Segundo Mendes, a lei dispõe que cabe a Argüição de Descumprimento de Preceito Fundamental para evitar ou reparar lesão a preceito fundamental, resultante de ato do Poder Público. Ele destacou que o parágrafo único do artigo 1º explicita que “caberá também a argüição de descumprimento quando for relevante o fundamento da controvérsia constitucional sobre lei ou ato normativo federal, estadual ou municipal, inclusive anteriores à Constituição”.
“Vê-se, assim, que a argüição de descumprimento poderá ser manejada para solver controvérsias constitucionais sobre a constitucionalidade do direito federal, do direito estadual e também do direito municipal”, salientou.
No caso analisado, trata-se de norma estadual editada em 1986, anterior à Constituição de 1988, e que estaria afrontando a proibição constitucional de vinculação do salário-mínimo para qualquer fim.
E continuou: “Pode-se dizer que a argüição de descumprimento vem completar o sistema de controle de constitucionalidade de perfil relativamente concentrado no STF, uma vez que as questões até então não apreciadas no âmbito do controle abstrato de constitucionalidade (ação direta de inconstitucionalidade e ação declaratória de constitucionalidade) poderão ser objeto de exame no âmbito do novo procedimento.”
Para o relator é difícil indicar, em princípio, “os preceitos fundamentais da Constituição passíveis de lesão tão grave que justifique o processo e julgamento da argüição de descumprimento.” No entanto, é certo, afirma o ministro, que os direitos e garantias fundamentais e as cláusulas pétreas são preceitos fundamentais descritos na Constituição e que não podem ser descumpridos.
Por outro lado, diz o ministro, a própria Constituição explicita os chamados “princípios sensíveis”, “cuja violação pode dar ensejo à decretação de intervenção federal nos Estados-membros (art. 34, VII).” “Na forma da jurisprudência desta Corte, se a majoração da despesa pública estadual ou municipal, com a retribuição dos seus servidores, fica submetida a procedimentos, índices ou atos administrativos de natureza federal, a ofensa à autonomia do ente federado está configurada (RE 145018; RP 1426; AO 258),” citou o ministro.
O ministro teceu vários comentários sobre o controle de constitucionalidade das leis e cogitou da possibilidade da Corte rever sua jurisprudência sobre a matéria.

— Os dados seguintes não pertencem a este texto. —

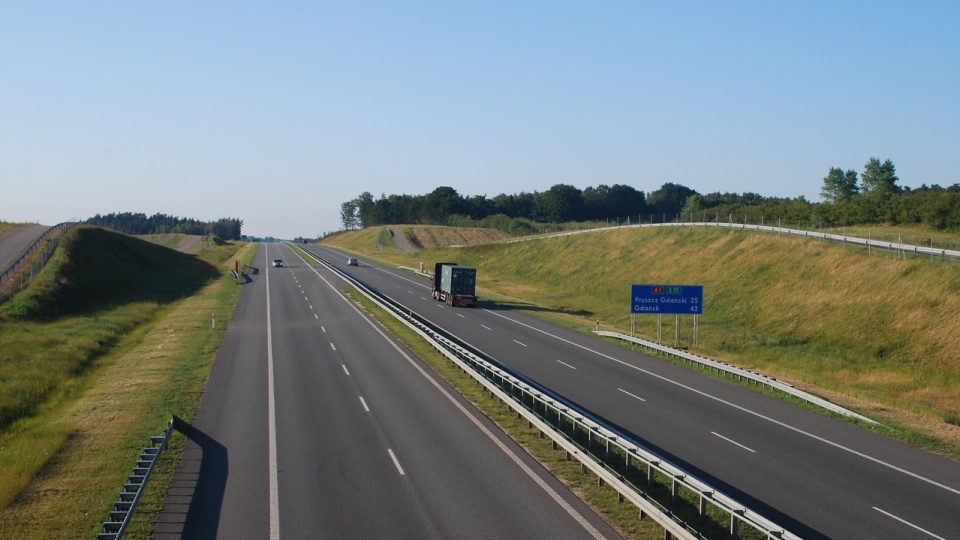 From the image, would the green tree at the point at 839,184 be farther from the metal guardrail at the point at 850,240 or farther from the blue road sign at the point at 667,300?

Segundo Gilmar Mendes, “o tema ganhou novos contornos com a aprovação da Lei nº 9.882/99, que disciplina a argüição de descumprimento de preceito fundamental e estabelece, expressamente, a possibilidade de exame da compatibilidade do direito pré-constitucional com norma da Constituição Federal.”
Assim, afirmou Mendes, “toda vez que se configurar controvérsia relevante sobre a legitimidade do direito federal, estadual ou municipal, anteriores à Constituição, em face de preceito fundamental da CF/88, poderá qualquer dos legitimados para a proposição de ação direta de inconstitucionalidade propor argüição de descumprimento.”

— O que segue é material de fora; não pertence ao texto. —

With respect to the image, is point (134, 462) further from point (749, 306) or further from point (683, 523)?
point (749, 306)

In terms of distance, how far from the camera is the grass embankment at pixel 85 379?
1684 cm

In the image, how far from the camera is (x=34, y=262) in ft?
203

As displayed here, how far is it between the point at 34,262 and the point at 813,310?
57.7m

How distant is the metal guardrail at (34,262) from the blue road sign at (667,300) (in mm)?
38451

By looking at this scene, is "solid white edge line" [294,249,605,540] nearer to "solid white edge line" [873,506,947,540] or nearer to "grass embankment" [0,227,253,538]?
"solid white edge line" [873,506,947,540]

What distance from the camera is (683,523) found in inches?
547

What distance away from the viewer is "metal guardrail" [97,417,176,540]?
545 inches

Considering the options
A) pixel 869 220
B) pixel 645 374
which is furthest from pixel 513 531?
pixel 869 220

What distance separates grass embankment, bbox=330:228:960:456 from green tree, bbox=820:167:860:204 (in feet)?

Mendes argumentou que o fato de a Lei nº 9.882/99 instituir que a ADPF somente será admitida se não houver outro meio eficaz de “sanar a lesividade”, não deve sofrer interpretação restritiva. Por isso, o ministro sugeriu que a matéria seja submetida ao Plenário, por meio de questão de ordem, para que seja analisada a constitucionalidade dos artigos 1º e 5º , da Lei nº 9.882/99, considerando que pende de julgamento a ADI 2231, que tem por objeto a íntegra da referida Lei.